I thought the best way to hold this man was to get close to him, slip my left arm through the holes in the net between it and the ship’s side, and hang on to his collar as hard as I could with my right hand. Anyway, while I was holding on to him, waiting for more help, the whaler came back on the starboard side which was the lee side, loaded with survivors just for’ard of where we were.
As it got alongside, the young PO cox’n put his hand on the gun’le of the boat, and with the heavy swell, I watched in horror as a the whaler took his hand right up the side of the ship and back down again. When he got his hand free, the flesh on the back of his hand was rolled back like a big flap, and all his fingers and hand bones were visible. He went off the ship to hospital with all the Aldenham wounded, but later returned as a crewmember apparently none the worse for his accident.
By then, after what seemed like ages but probably only a few minutes, Bill Briden returned with a couple of men and a rope, and as soon as the man was secured he was yanked over the guardrails to safety. It was then I noticed his legs were badly buckled, and probably broken, so it was now quite clear why he had not been able to make any effort while clinging to the safety net.
By the way he was dressed we got the impression he was one of the Aldenham’s officers, and not being able to find a stretcher for him, I dashed off for’ard in the direction of the sickbay to see what I could locate, and on returning found he had been taken down below. I never saw him again! Later on, after things had quietened down a bit, I got talking to our young Sick Berth Attendant. I asked him about the officer with the broken leg and he said, “Oh yes – he’s going to be OK.” Later it was confirmed that he was the Aldenham’s CO – Commander Farrant. The other man in the duffel coat was Able Seaman Bert West.
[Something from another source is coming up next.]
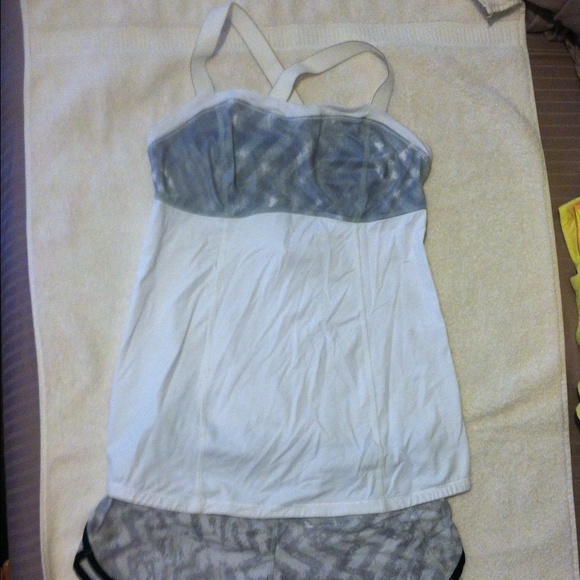 Lululemon top sz 6, good used condition.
At the time I thought it was possible we could have overlooked somebody, but for miles around the sea seemed completely empty, and it was not until dark that we proceeded to Zara to go alongside the cruiser Colombo and discharge the survivors and wounded.
Thinking back on it, I often wondered if we would have had more success in picking up survivors if we had lowered the motor boat instead of the whaler, but some months previous we had a lot of trouble in starting the engine, and if it had failed again, the boat would have been more of a hindrance than an asset.
Later on, sometime after Christmas and visiting Malta, some of the Aldenham survivors came aboard and down our messes to thank us for our efforts in saving them, and by coincidence, the chap who swam to the ship’s side in his duffel coat and oilskin was one of them. We recognised each other and to me it was rather gratifying to think I had played a small part in rescuing him.